By Stefica Nicol Bikes
Hundreds of tourists clambered up Australia’s Uluru on Friday, the day before a permanent ban on climbing the sacred rock takes effect following a decades-long fight by indigenous people to close the trek.
The UNESCO World Heritage-listed 348-metre (1,142-ft) monolith, formerly known as Ayers Rock, is a top tourist draw in Australia despite its remote desert location near Alice Springs in the Northern Territory.
Authorities opened the climb mid-morning amid clear skies, after blustery conditions delayed early trekkers.
While most visitors do not climb Uluru’s steep, red-ochre flanks, the impending Oct. 26 ban has triggered an upsurge in people taking a final opportunity to make the trek. Nearly 400,000 visitors flocked to the Australian landmark in the year to end-June, government data shows.
Australians still make up the bulk of the visitors to climb the rock, followed by Japanese, Parks Australia says.
The Anangu people, the traditional owners of Uluru, have called for the climb to be closed since 1985, when the park was returned to indigenous control. The Anangu say Uluru has deep spiritual significance as a route their ancestors took.
“This is our home,” read a sign at the base of the rock. “Please don’t climb.”
Sonita Vinecombe, a visitor from the Australian city of Adelaide who lined up early in the morning to make the trek, said she had mixed feelings on the issue.
“You want to respect the cultural side of things, but still you want to have it as a challenge to get up the rock,” she told Reuters.
American tourist Kathleen Kostroski said she would not climb because it would be “sacrilegious” to do so.
“It’s a violation against mother nature, first of all and secondly, against the aboriginal indigenous people here,” she said.
Dozens of people have died while climbing Uluru, from falls and dehydration in the hot, dry conditions.
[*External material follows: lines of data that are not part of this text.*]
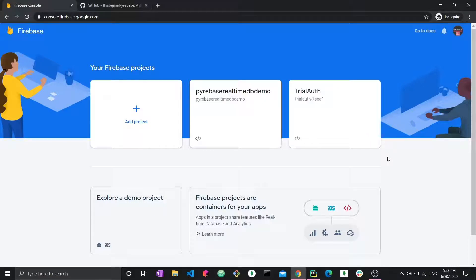Hi everyone and welcome to a new video about Firebase real-time database with Python. This is a series playlist covering CRUD for Firebase real-time DB using Python. In a previous video we discussed how to create data, and in this video we're going to discuss how to update. However, you can watch this video as a standalone — it's not dependent on the other videos.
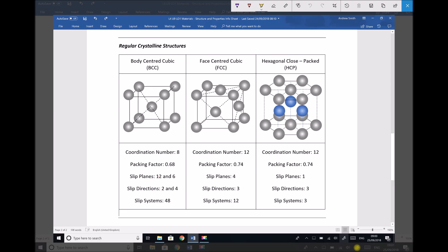Hello, this is Andy from the Engineers Academy and today we're going to revisit the crystalline structures of body-centre cubic and face-centre cubic. We're also going to introduce a third crystalline structure called hexagonal close-packed. Pictured on screen we see our body-centre or BCC, our face-centre FCC, and our hexagonal close-packed HCP structures.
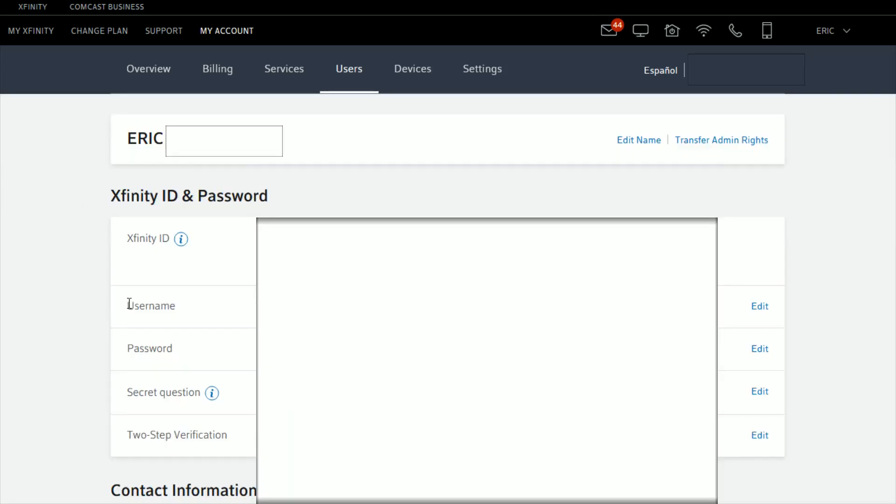On this page, you have the option to change the Xfinity username as well as the password, the secret question, or set up two-step verification. But in this instance, we're looking to change just the name of the account user. So click Edit Name.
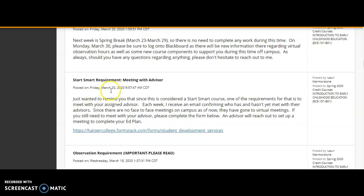I sent an announcement on March 20th about meeting with your advisor. This is a Smart Start class, and one of the requirements is that you have to meet with your academic advisor — not with Kathy Nicolai, but with your assigned advisor that you receive when you enroll at Harper. Since we can't go on campus, all you have to do is click on the link, complete the form, and an advisor will reach out to set up a meeting to complete your educational plan. Every Monday I get an email saying who has and hasn't met with their advisor, so please make sure that you reach out to your advisor to meet this requirement.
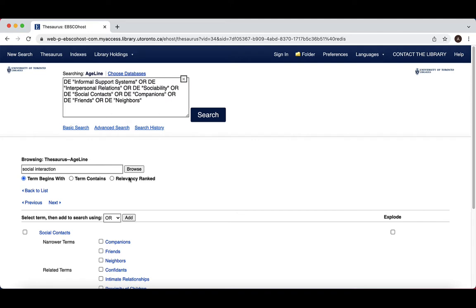Ageline has produced our search, and we can see it here in the search bar, and we can run it by clicking Search.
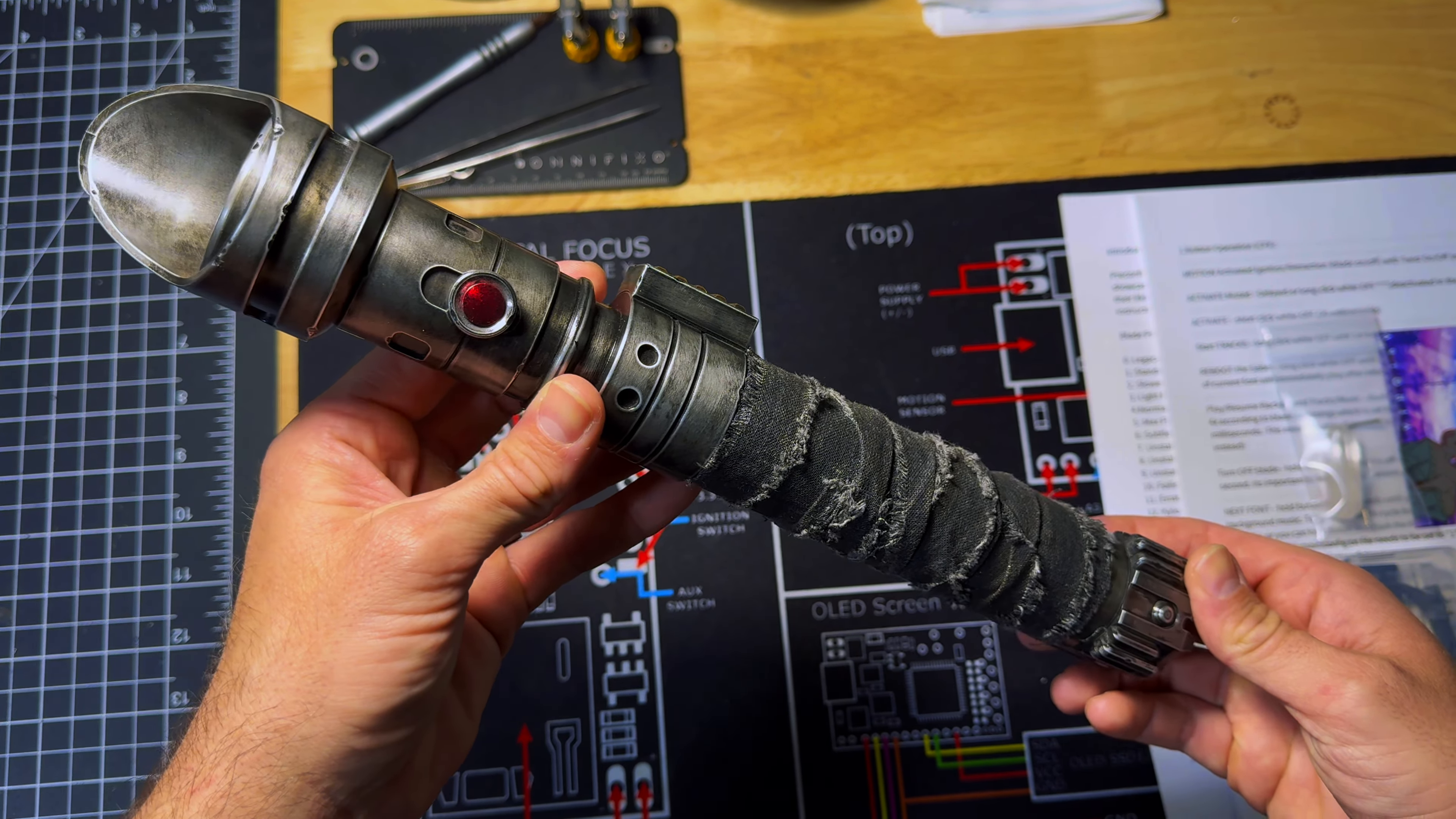I'm going to stop talking now and just let the video roll and give you, the viewer, some time to look at the beauty of this hilt and really appreciate Austin's work.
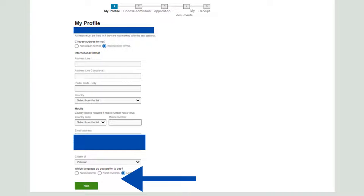One important thing: always provide a phone number that has not been transferred or converted to another network. For example, if someone had a SIM from Jazz and converted it to another provider, you may not receive SMS. Always give your original number that hasn't changed networks. Mostly, universities will send information via email, but still use a reliable number.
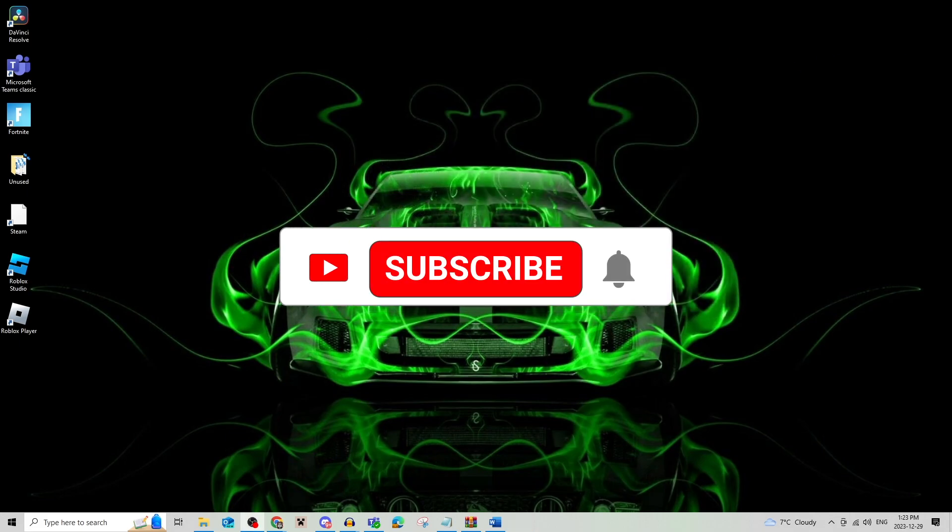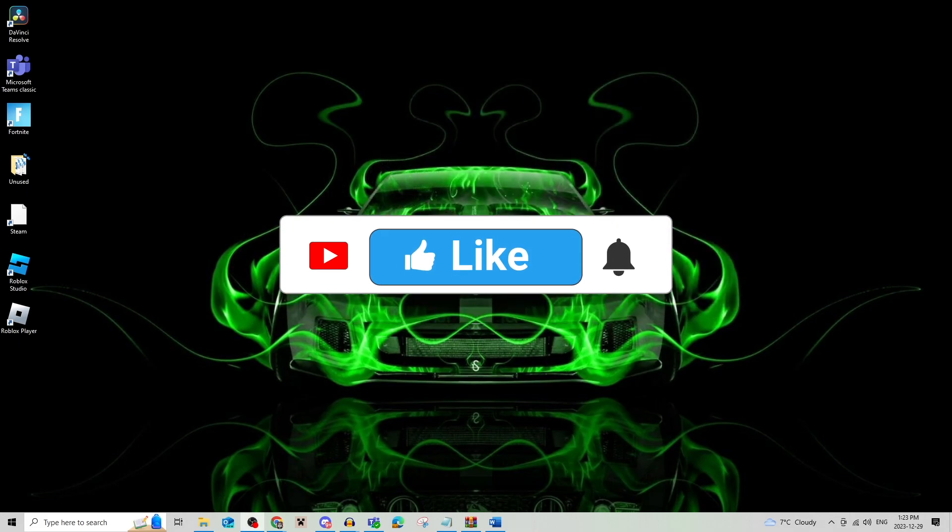Be sure to leave a like, comment, and subscribe to the channel. Thanks for watching. See you in the next video.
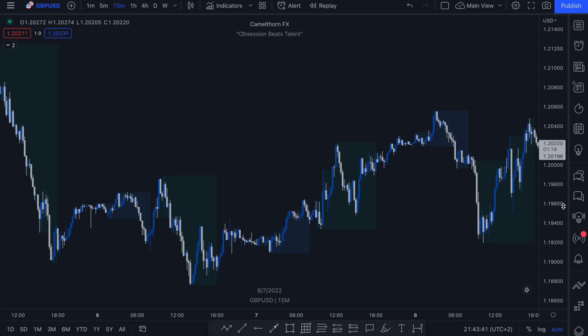What's up, traders? In today's video lesson, I'm going to be showing you how to identify liquidity. So stay tuned.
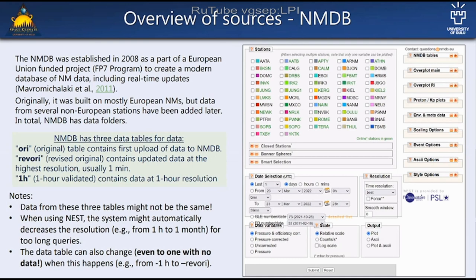On the right is the NEST system — if you use a web page to access the data, that is how to access it. There is apparently MySQL and maybe other possible ways to access the data, but the web page is probably what most people use. A point of warning for people using this, especially if you study long time series, is that NMDB doesn't really let you download 60 years of one-hour or even monthly data. It will automatically decrease the resolution if the query is too long, and that process can also change the data table, which might lead to different data than you were looking for. This may be improved in the future.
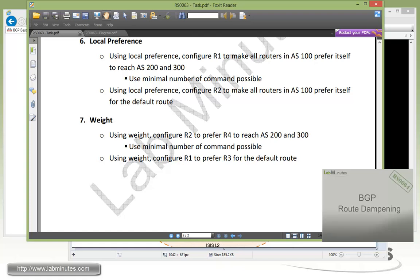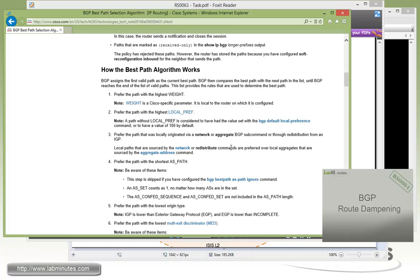That completes task number seven. We've now gone through the whole lab and covered quite a bit of the BGP best path selection process — there are many attributes and criteria you can use. In real life, the most common ones are AS path, local pref, and weight, with MED being less common. It's good to keep these rules in mind so when you look at a BGP routing table, you know which attribute is causing a certain path to be selected. That wraps up our video on BGP path selection. Visit our website to view our lab videos and sign up for additional lab content — thank you for watching labminist.com.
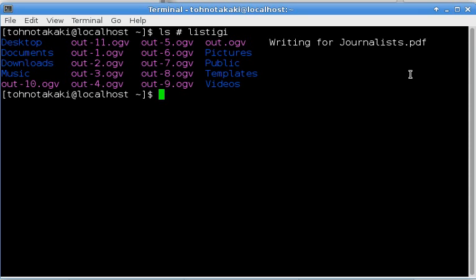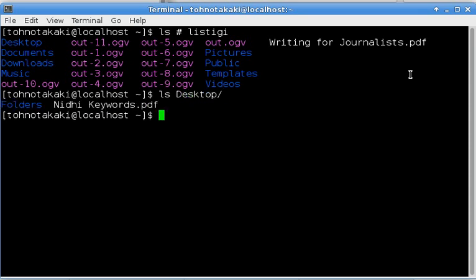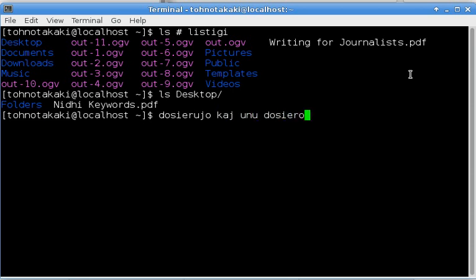Now, if you want to see what is in the Desktop directory, you can do that with this command. It is ls Desktop, and enter. It shows one file and one directory.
Summer temperatures often top 40 degrees Celsius (104 degrees Fahrenheit).
The closure was announced two years ago when fewer than 20 percent of visitors were making the climb.
To commemorate the climbing ban the park will conduct public celebrations over the weekend.
It was an emotional day, said indigenous ranger Tijiangu Thomas.
“Happiness is the majority feeling, knowing that people are no longer going to be disrespecting the rock and the culture – and being safe.”
The Oct. 26 closure marks 34 years since the land was given back to the Anangu people, an important moment in the struggle by indigenous groups to retrieve their homelands.